-- Opening Marker --
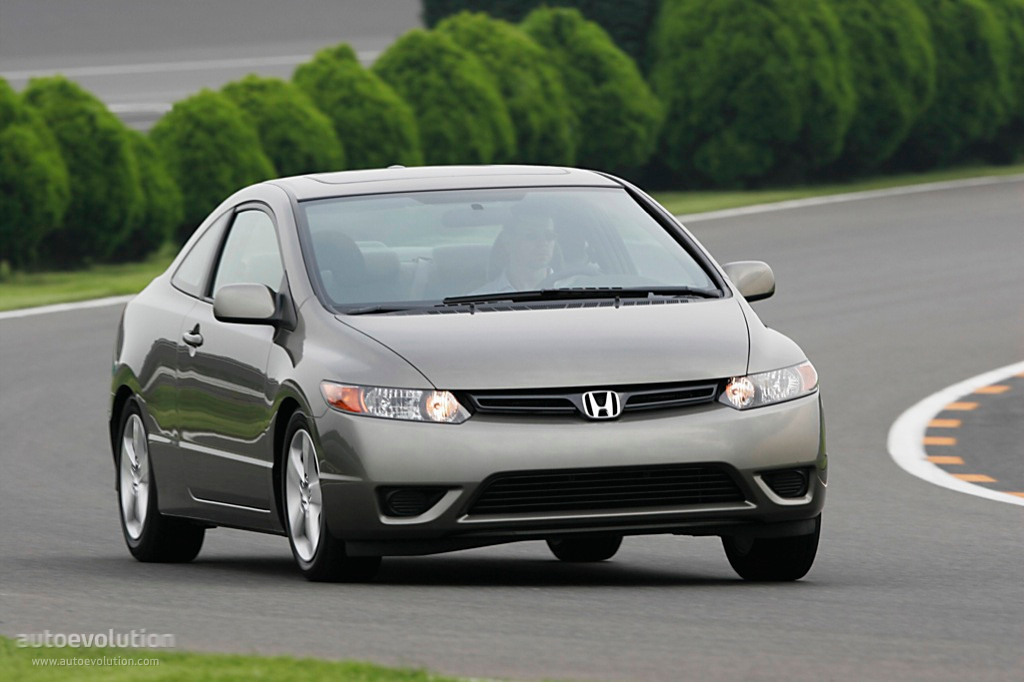 Honda Civic Coupe photo 5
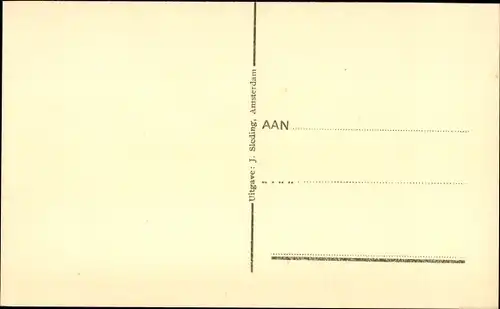 Ak Amsterdam Nordholland Niederlande, Westerkerk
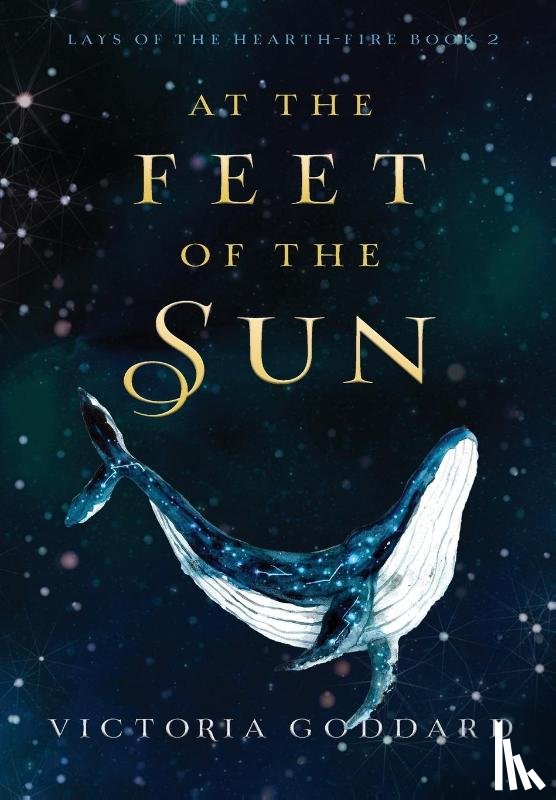 Goddard, Victoria - At the Feet of the Sun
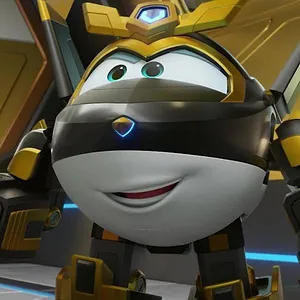 Super Wings, Paré au décollage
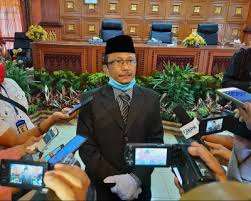 Sekretaris Daerah Kabupaten Siak, Arfan Usman
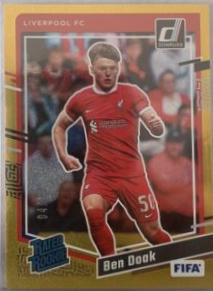 Ben Doak - Donruss #182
-- Closing Marker --
- Task item: From the first line to the last, print the records exactly; leave out the pictures.

- Task answer:
 Honda Civic Coupe photo 5
 Ak Amsterdam Nordholland Niederlande, Westerkerk
 Goddard, Victoria - At the Feet of the Sun
 Super Wings, Paré au décollage
 Sekretaris Daerah Kabupaten Siak, Arfan Usman
 Ben Doak - Donruss #182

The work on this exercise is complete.